Tentem agora pensar em qualquer coisa que valha mesmo a pena. Não precisa de ser algo que tenha mudado o mundo (mesmo que seja só o vosso), basta ser alguma coisa que vos tenha ficado na memória. É um bom teste. Porque pelo menos a maior parte (e já é uma parte enorme) do que é “agradável” costuma ser também ao mesmo tempo amplamente esquecível. E há uma razão forte para o nosso cérebro não considerar relevante recordar pessoas ou eventos agradáveis. É que costumam ser também incrivelmente chatos. Qualquer pessoa com alguma prática, quando ouve a palavra “agradável”, saca logo de um bocejo. E muda de conversa (ou de interlocutor).
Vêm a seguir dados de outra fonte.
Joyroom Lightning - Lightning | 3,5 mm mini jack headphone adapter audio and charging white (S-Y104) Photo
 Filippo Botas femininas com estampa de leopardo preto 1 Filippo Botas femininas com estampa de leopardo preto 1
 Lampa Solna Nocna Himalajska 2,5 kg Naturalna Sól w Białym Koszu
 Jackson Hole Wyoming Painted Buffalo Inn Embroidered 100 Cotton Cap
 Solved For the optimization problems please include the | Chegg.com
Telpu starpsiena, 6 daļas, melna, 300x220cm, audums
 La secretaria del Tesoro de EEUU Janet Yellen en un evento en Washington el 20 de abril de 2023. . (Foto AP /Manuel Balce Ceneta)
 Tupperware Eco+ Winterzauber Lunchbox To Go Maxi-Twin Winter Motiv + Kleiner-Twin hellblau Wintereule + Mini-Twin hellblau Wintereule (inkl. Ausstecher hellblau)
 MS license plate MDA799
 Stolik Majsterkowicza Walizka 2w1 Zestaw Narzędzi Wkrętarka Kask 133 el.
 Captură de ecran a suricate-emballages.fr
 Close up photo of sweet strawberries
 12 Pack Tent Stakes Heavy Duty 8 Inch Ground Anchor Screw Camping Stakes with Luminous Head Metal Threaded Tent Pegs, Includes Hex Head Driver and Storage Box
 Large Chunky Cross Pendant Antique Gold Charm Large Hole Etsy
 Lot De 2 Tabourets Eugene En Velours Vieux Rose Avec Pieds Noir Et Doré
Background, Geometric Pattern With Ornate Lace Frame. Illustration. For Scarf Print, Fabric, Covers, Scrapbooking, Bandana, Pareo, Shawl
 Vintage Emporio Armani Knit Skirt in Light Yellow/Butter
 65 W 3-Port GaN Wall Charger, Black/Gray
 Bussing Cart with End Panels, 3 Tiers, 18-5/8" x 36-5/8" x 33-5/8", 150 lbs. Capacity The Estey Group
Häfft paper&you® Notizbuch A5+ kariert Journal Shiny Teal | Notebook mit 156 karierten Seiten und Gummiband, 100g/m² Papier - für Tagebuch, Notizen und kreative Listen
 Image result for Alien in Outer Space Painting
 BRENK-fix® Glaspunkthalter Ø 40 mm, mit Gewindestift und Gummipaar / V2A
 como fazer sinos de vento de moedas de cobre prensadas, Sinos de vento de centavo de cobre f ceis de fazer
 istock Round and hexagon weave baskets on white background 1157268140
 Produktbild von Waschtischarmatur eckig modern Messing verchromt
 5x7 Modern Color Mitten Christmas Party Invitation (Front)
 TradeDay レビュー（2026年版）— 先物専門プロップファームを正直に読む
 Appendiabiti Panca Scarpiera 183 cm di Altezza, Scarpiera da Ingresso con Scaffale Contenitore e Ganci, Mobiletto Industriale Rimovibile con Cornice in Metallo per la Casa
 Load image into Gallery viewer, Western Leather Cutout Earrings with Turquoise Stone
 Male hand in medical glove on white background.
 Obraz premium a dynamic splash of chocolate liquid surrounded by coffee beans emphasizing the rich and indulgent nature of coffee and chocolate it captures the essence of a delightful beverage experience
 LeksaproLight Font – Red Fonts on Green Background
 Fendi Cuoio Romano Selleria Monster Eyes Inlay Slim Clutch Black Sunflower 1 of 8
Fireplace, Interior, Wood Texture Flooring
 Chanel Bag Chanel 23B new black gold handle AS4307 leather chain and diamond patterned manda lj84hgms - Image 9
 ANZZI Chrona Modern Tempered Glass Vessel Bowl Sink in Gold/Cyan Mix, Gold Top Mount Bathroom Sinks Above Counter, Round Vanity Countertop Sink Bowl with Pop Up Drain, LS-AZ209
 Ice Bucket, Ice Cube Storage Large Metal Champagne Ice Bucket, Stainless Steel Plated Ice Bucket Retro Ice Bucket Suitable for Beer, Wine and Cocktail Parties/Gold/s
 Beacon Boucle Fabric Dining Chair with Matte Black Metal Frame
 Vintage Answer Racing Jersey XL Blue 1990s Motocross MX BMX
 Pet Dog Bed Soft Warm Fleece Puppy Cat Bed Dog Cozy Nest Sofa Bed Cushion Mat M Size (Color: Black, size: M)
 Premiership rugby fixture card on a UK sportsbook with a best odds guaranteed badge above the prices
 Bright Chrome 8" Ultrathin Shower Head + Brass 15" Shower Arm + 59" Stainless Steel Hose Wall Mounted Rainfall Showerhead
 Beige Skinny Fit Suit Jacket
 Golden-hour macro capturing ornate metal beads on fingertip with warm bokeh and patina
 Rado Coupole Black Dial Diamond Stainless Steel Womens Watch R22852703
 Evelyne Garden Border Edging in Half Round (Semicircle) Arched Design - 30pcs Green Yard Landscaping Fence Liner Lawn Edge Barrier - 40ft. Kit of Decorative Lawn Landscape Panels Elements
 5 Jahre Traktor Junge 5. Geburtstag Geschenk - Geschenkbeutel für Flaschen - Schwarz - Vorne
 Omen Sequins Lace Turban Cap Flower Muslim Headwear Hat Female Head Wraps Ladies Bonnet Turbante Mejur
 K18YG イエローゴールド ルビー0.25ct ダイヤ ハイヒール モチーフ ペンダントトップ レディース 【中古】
“Agradável” rima com “abominável”, com “intragável” e com “detestável”. Infelizmente, desde há uns tempos chegou esta moda do agradável. E tem sido uma autêntica praga, um bocado como os almoços ao balcão para os empregados bancários. E, se virmos bem, até não combina mal com os queques e os croquetes que se engolem à pressa nesses sítios. Mas reparem como seria impensável (outra rima indesejável) qualificar uma grande paixão ou uma grande vitória ─ ou tudo o que seja minimamente importante ─ como “agradável”.

Em suma, caro leitor, por via das dúvidas, o melhor é ousar ter uma vida extraordinária (ou até uma vida extra ordinária, se for caso disso), tudo, menos ficar-se por uma existência agradável.